Quarta, 22 de Novembro de 2017

Ministério da Justiça prossegue na preparação do indulto de Natal

7 SET 2010Por 20h:55
Clodoaldo Silva, Brasília

O Conselho Nacional de Política Criminal e Penitenciária (CNPCP), órgão do Ministério da Justiça, vai sugerir ao ministro Luiz Paulo Barreto a manutenção de propostas de caráter humanitário no indulto de Natal deste ano, como já vinha ocorrendo em anos anteriores. As propostas serão apresentadas ao ministro antes de ser encaminhadas à Presidência da República, que sanciona o texto final em dezembro.

O indulto é a extinção total da pena, tendo origem no perdão do presidente da República, que detém esta prerrogativa. Conforme dados nacionais, com a aplicação do último decreto, de dezembro de 2009, cerca de 4.500 presos ganharão a liberdade ao longo deste ano, em todo o País. Em Mato Grosso do Sul, até o dia 31 de julho, 177 presos condenados – 161 homens e 16 mulheres – tinham sido  indultados.

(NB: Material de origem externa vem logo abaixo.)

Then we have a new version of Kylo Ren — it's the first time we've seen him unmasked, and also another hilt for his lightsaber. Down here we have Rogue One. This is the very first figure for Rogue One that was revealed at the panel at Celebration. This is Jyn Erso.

Há poucos dias, em Brasília, representantes do Ministério Público, da Defensoria Pública, Pastoral Carcerária e da sociedade debateram as 96 sugestões da sociedade recebidas pelo Conselho até 30 de julho sobre os critérios para a concessão do indulto. Para o presidente do Conselho Nacional de Política Criminal e Penitenciária, Geder Gomes, a audiência pública realizada ontem é o espaço para debates amplos sobre o tema.

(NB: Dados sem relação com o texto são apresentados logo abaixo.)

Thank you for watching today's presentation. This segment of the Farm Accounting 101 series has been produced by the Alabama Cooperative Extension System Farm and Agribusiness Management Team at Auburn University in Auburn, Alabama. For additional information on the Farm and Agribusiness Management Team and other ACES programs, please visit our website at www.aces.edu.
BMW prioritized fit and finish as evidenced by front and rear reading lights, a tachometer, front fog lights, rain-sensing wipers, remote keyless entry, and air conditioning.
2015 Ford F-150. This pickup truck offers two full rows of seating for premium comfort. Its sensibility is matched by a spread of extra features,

A partir de agora, na sequência da audiência, as sugestões serão analisadas pela comissão responsável pela elaboração da proposta e o texto definitivo é avalizado pelo ministro da Justiça e enviado para aprovação do presidente da República. Esse processo começa em agosto e termina em dezembro. No ano passado foi sancionado em 22 de dezembro.

O benefício é válido somente para presos que não tenham cometido crimes hediondos, salvo na situação de comprometimento avançado da saúde ou no caso de deficientes mentais que estejam cumprindo medidas de segurança. A concessão do indulto é uma prerrogativa do presidente da República, mas cabe às varas de Execução Criminal nos estados definir quem terá direito ao benefício.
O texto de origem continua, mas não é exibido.